Of all the dishes, they seemed most impressed by Mai’s cold soba noodle salad and Jeremy’s sweet potato ginataan and upon revealing the reviews it appears MCC4U customers agreed; both dishes received rave reviews across the board.
Unsurprisingly, Team Jeremy received several complaints regarding portion sizes, while on Team Mai, Barrie’s initial reservations about the decision to serve tacos proved to be apropos as the final product was deemed by reviewers to be underwhelming.
In the end, Team Jeremy was crowned the winner with an average rating of 4.1 out of 5, defeating Team Mai who received an average of 3.8. As a result, the members of Team Mai will be forced to compete in an elimination pressure test on next week’s episode.

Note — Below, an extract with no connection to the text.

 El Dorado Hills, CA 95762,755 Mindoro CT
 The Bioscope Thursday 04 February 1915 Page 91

While this episode may have exposed a crack in Jeremy’s armour, one extremely positive takeaway was the Winnipeg chef’s willingness to receive constructive feedback and adjust accordingly. It also took a lot of guts and integrity to go with a fully Filipino concept despite his team’s unfamiliarity with the cuisine.

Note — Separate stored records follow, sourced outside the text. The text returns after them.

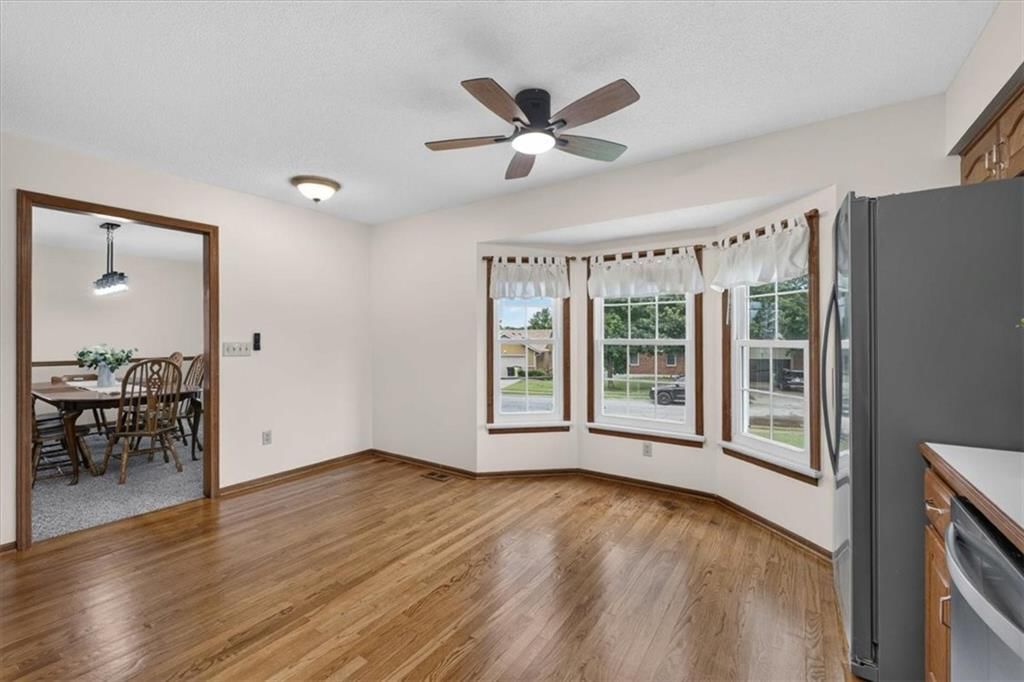 1006 N King Avenue — photo 17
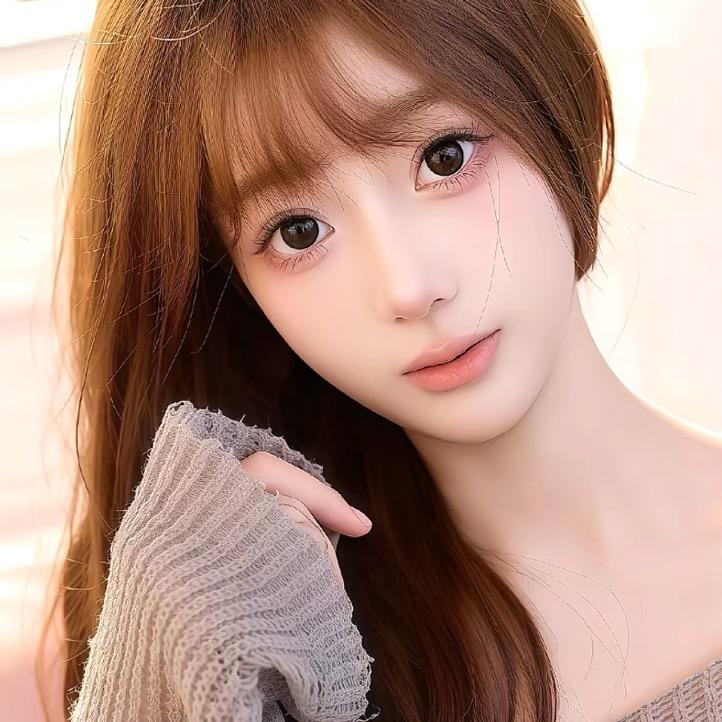 大王💕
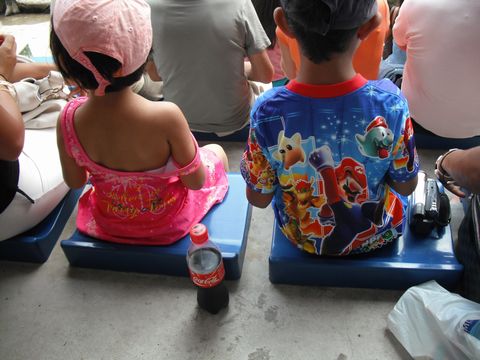 ���ǂ��Ȃ����w�l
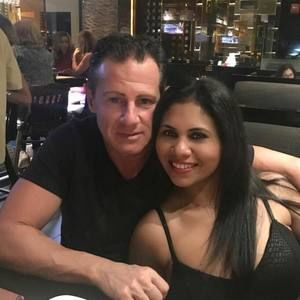 Meet your Posher, Mereidis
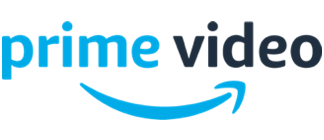 Amazon Prime Video | TV App |  Sinclairville, New York |  DISH Authorized Retailer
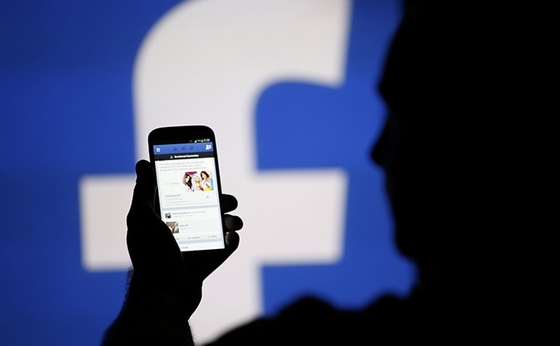 Facebook giới thiệu tính năng rút ngắn thời gian đăng nhập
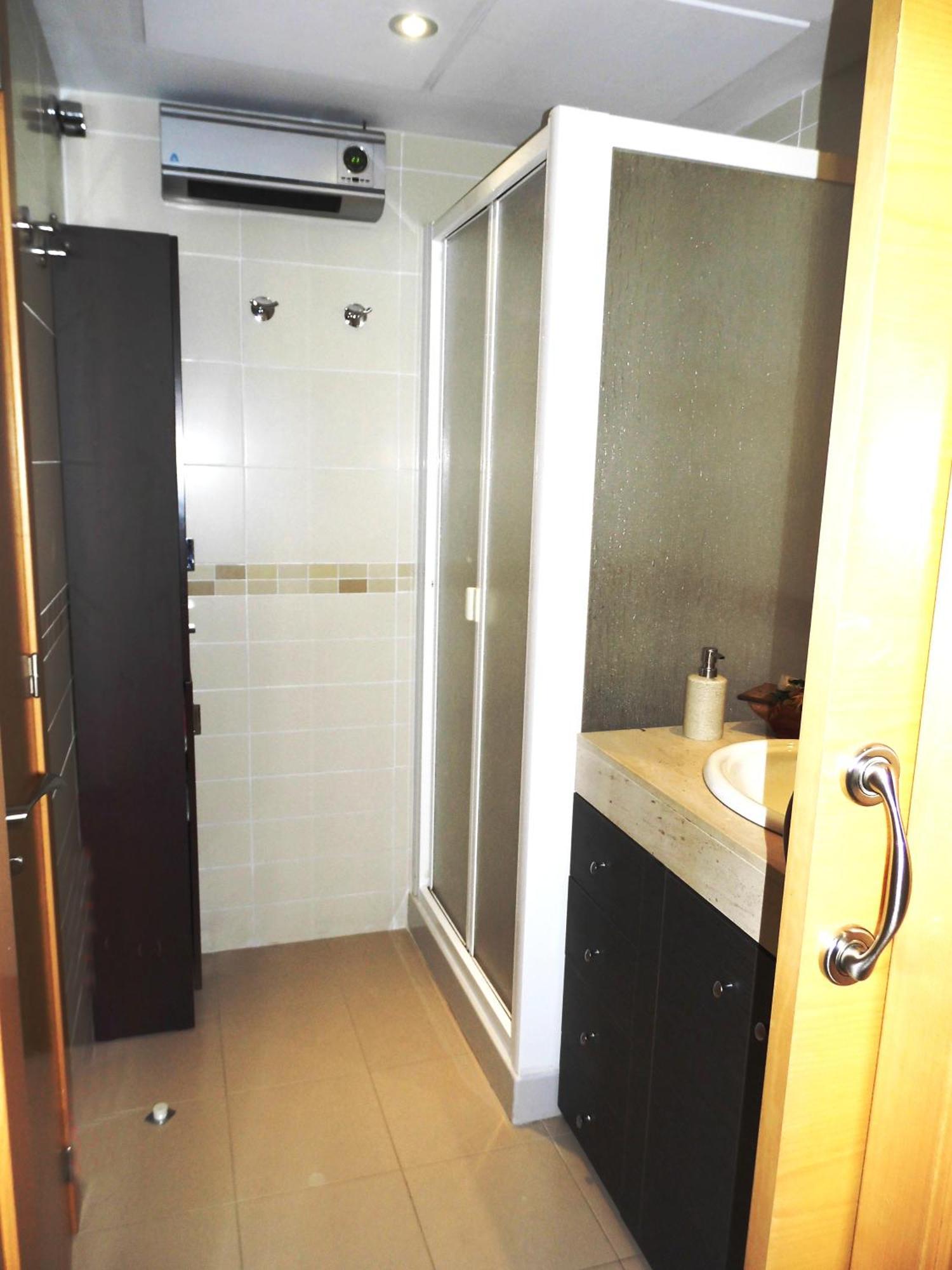 Apartamento 200 M Playa San Juan El Campello Zewnętrze zdjęcie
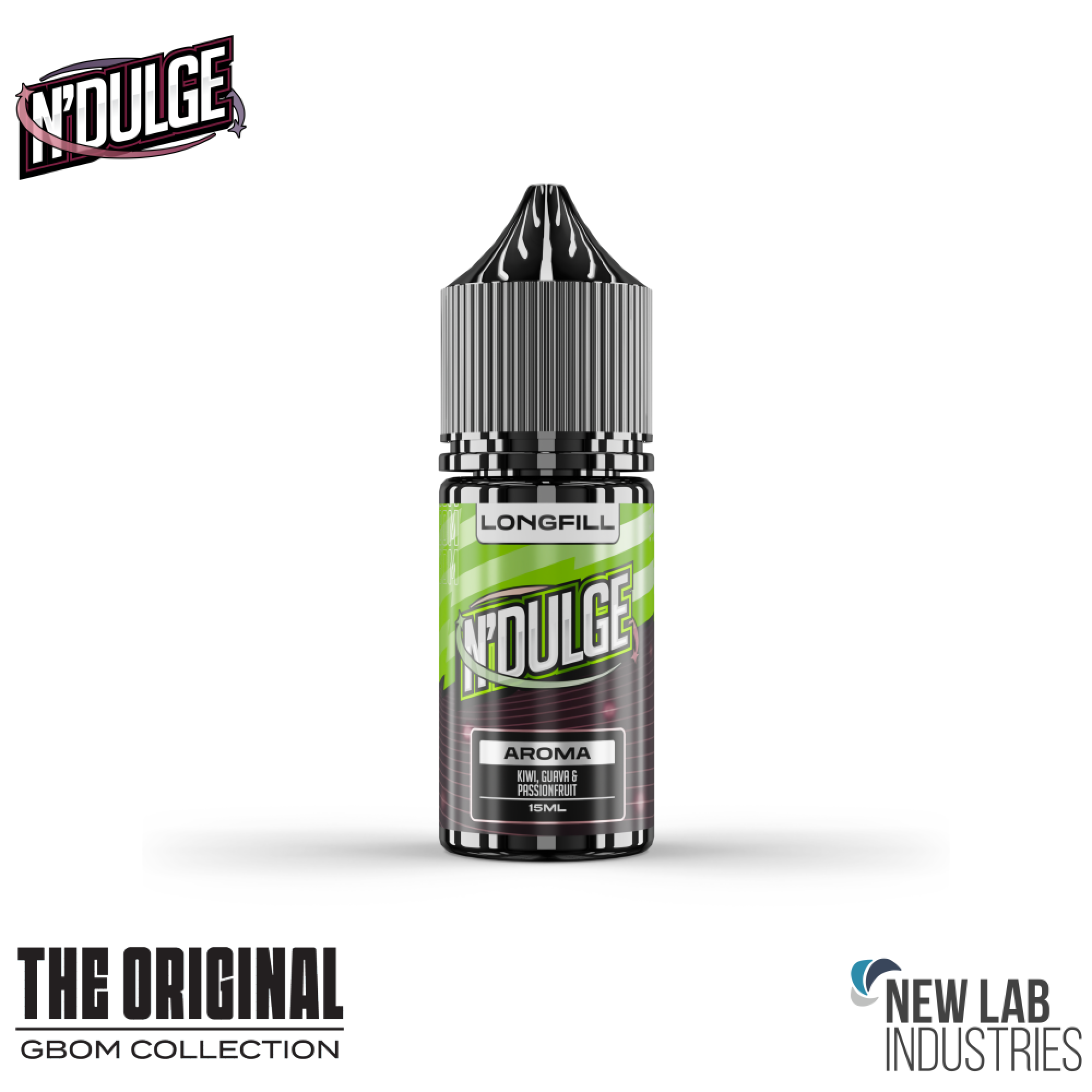 kiwi_guava_passionfruit_30ml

Barrie also demonstrated a lot of bounce back this episode. His initial demeanour upon returning had me slightly concerned, but after he got into the groove he appeared to shake off his disappointment with last week’s loss. Jen also seemed to really hit her stride this episode and her ability to multitask in a high pressure environment definitely played to her advantage.
I think Andrew was far and away the most impressive competitor during this challenge. Thus far, his restaurant experience has proven to be a considerable advantage and although I still believe Mai and Andre are both exceptional chefs, I would not want to go up against Andrew in next week’s elimination challenge.
MasterChef Canada: Back To Win airs Sunday nights on CTV.